Exercise aim:
Only the total should be returned: the number of lines in the data that hold the string "Size".

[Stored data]
========================================================================
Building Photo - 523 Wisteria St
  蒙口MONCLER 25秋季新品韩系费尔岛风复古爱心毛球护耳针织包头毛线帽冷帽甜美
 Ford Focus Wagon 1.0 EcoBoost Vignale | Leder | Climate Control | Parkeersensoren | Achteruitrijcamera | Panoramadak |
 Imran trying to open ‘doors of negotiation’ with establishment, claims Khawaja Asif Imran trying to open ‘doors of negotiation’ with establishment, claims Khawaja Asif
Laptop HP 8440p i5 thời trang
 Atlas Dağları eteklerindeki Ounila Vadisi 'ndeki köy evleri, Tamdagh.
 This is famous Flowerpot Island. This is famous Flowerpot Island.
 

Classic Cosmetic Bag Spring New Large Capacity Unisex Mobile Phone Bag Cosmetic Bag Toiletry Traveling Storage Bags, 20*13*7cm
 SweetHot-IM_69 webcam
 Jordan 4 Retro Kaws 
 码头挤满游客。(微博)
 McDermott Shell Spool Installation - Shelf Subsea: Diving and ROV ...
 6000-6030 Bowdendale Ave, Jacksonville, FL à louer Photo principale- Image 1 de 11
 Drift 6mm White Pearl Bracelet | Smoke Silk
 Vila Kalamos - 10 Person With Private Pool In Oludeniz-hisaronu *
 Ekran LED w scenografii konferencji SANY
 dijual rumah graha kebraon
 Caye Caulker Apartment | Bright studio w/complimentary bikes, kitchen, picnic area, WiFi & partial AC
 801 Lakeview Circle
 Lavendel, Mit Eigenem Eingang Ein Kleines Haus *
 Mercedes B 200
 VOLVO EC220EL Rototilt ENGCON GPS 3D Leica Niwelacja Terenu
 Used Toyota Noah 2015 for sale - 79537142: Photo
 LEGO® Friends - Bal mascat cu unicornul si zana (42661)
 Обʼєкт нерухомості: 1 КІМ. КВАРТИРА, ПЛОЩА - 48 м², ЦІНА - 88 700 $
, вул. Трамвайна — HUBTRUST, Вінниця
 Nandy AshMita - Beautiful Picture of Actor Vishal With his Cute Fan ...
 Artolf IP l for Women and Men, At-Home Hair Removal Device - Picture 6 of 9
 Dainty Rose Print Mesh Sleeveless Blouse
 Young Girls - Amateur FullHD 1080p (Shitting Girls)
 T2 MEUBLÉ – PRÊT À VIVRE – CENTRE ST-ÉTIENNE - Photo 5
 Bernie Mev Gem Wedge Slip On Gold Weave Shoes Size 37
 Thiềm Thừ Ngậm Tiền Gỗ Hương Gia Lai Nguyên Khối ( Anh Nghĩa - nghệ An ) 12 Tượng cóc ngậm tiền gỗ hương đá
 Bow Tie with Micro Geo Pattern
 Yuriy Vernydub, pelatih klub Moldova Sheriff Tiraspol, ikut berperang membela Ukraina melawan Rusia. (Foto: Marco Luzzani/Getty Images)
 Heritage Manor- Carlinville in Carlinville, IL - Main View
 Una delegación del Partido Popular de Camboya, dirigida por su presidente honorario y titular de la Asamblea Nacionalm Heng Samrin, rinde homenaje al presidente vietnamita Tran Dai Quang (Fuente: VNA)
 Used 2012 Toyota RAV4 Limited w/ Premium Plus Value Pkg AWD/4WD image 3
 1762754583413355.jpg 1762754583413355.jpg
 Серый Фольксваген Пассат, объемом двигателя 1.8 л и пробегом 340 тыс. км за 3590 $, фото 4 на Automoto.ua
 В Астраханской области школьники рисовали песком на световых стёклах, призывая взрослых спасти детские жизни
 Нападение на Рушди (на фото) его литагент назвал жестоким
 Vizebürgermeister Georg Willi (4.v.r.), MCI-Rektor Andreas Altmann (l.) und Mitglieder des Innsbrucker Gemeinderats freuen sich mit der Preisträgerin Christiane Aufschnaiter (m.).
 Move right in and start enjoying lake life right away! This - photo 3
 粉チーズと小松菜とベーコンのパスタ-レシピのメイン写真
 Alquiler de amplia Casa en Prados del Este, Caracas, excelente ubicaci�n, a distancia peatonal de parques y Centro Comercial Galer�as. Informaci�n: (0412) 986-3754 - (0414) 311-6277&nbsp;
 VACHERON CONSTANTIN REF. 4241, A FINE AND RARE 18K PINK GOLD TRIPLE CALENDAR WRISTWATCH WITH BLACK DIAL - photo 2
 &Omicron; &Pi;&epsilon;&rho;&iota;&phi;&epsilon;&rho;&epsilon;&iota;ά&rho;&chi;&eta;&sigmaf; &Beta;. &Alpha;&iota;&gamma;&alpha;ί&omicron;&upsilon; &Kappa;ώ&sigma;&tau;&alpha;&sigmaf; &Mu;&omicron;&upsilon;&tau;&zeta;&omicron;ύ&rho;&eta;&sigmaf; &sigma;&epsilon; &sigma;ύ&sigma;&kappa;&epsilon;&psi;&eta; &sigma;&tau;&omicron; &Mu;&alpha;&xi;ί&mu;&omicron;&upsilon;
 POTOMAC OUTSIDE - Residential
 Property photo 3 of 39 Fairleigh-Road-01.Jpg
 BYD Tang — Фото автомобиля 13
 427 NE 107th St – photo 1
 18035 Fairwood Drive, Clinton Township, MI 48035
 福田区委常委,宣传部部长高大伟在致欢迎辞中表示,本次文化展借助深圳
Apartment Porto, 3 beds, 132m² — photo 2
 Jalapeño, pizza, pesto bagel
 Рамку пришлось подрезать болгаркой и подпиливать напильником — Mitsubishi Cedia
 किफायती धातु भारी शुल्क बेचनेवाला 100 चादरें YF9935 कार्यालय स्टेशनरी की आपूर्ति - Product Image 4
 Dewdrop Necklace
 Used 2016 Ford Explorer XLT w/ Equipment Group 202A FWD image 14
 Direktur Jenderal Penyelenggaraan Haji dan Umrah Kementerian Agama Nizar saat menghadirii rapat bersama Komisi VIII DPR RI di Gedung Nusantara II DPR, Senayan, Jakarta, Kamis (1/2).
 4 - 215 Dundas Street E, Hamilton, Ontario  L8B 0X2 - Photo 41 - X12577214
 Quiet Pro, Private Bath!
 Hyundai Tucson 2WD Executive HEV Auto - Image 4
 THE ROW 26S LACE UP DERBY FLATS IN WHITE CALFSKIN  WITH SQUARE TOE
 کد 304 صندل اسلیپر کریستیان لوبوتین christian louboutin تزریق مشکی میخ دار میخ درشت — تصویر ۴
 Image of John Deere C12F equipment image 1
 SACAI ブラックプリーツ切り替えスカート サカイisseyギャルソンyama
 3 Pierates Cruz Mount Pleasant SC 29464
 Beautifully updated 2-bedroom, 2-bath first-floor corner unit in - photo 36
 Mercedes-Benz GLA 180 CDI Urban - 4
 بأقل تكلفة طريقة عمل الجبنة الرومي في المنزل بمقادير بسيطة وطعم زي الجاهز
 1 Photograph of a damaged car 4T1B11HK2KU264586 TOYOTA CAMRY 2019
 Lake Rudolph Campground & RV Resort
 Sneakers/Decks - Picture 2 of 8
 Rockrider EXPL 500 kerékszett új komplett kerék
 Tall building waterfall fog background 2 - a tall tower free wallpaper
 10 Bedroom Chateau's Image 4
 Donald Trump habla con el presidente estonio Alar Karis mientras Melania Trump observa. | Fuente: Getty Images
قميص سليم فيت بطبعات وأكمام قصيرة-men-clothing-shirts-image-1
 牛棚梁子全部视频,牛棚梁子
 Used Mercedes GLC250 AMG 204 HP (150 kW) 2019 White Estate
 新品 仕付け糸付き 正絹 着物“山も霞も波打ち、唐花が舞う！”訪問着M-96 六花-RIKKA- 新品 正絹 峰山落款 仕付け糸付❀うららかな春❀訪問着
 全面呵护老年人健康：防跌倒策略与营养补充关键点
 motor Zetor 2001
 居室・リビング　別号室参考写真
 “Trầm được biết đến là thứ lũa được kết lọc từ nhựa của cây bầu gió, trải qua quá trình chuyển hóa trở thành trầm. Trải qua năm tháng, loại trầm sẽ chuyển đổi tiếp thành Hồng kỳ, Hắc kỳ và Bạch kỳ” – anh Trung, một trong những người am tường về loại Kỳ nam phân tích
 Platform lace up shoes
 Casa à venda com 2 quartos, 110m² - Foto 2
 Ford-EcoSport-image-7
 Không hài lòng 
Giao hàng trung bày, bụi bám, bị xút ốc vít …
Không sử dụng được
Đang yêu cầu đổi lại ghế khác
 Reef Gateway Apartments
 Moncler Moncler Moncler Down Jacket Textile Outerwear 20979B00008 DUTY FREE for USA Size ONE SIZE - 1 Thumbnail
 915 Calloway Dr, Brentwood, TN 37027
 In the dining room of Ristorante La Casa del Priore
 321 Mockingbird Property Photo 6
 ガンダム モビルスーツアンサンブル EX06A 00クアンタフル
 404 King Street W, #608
========================================================================
Result of this task:
2